Moldova’s energy system experiences a double shock

Moldova has experienced its second energy crisis in three years, driven by a significant double shock. Firstly, Russia cut off gas flows to the Transnistrian region of Moldova, resulting in a decrease in electricity production at the MGRES power plant, which led to a cessation of electricity sales to Moldova. Secondly, higher international market gas prices and a delayed procurement by Moldova resulted in energy tariffs for consumers.

  • Moldova
NL 87 | January-February 2025
Energy and Climate

While the government has made significant strides in energy resilience in the last years, the crisis again exposed deep vulnerabilities and reliance on international assistance. Nonetheless, the crisis provides a pathway for Moldova to further bolster its energy resilience for long-term stability and prosperity.

Russia cuts of gas flows to the Transnistrian region

The Transnistrian region (TN region) has annually received ca. 2 bcm of free natural gas from Russia, which has been key to fuelling its energy-intensive economy. Much of this gas is used by the MGRES power plant to generate cheap electricity for domestic use, and to sell electricity to Right Bank Moldova (RB MDA), bringing in revenue.
On 1 January 2025 Russia completely cut off gas flows to the TN region, plunging the region into darkness. All industrial objects were shuttered, with the remaining gas used for heating to prevent a full-blown humanitarian catastrophe. MGRES switched to operating on dwindling reserves of coal, leading to decreased production and a cessation of all electricity sales to RB MDA.
While RB MDA has impressively weaned itself off direct gas imports from Russia between 2022 and 2024, electricity bought from MGRES (which is generated from Russian gas) still accounted for 69% of RB MDA’s elec-tricity consumption in 2024. The cessation in flows therefore resulted in a rapid switch to more expensive imports significantly increasing electricity tariffs.
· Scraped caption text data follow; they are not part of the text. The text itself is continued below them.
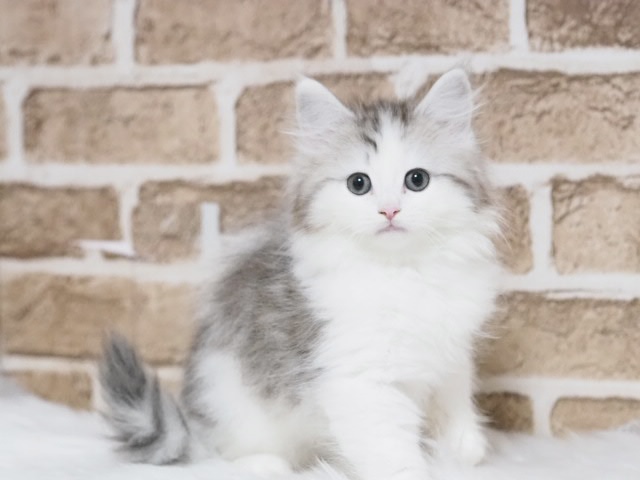 埼玉県のマンチカン (かねだい戸田店/2026年1月6日生まれ/男の子/シルバータビーホワイト)の子猫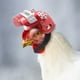 thumbnail image 1 of LADIGASU Productos para Mascotas Casco de Protección para Pollos Sombrero para Gallinas Sombrero para Pájaros Cubre Cabeza Ofertas Flash 1* Casco para Mascotas, 1 of 7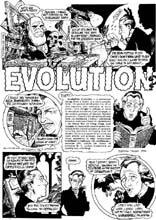 Click here to see Part 1 of the Evolution series image page
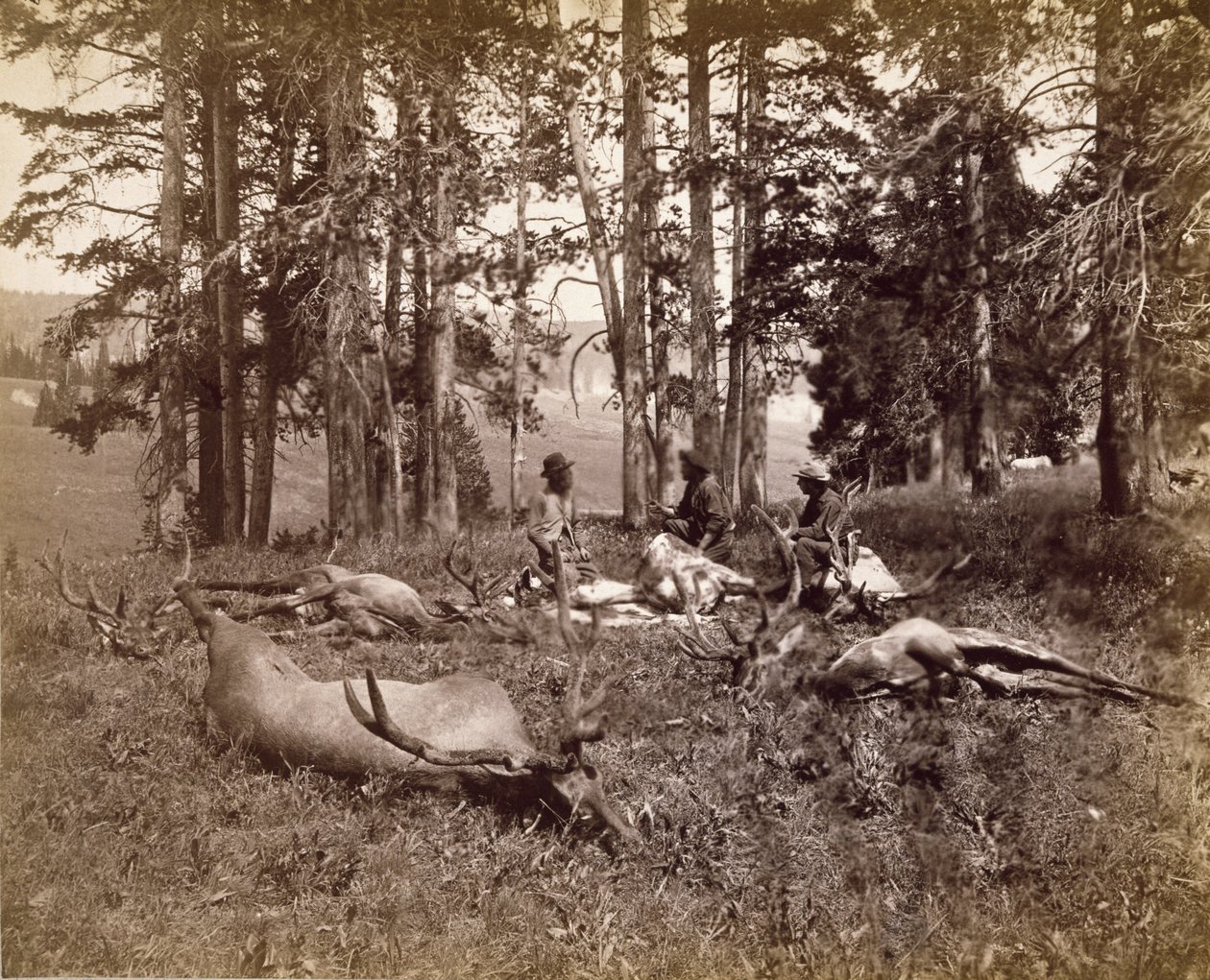 Łowcy łosi, Yellowstone, ok.1880 (srebrodruk albumu) autorstwa Frank Jay Haynes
Higher energy prices and procurement delays

Despite the successful diversification of gas supply and independence gained from Russian gas, RB MDA’s gas sector did not optimally prepare for this heating season’s looming energy shortage.
Ideally, Energocom purchases gas for the upcoming heating season and sells it to Moldovagaz over the course of the year as gas reserves. These reserves exist for direct use, heat and electricity production. Through this temporal spread price volatilities can be hedged for.
However, in 2024, large purchase quantities started only in Aug-24, where prices were already 29% higher than in Apr-24. Only in Dec-24 Moldovagaz reached the necessary reserve quantities for the entire heating season by purchasing approx. 268 mcm of natural gas in one month at nearly 70% higher prices.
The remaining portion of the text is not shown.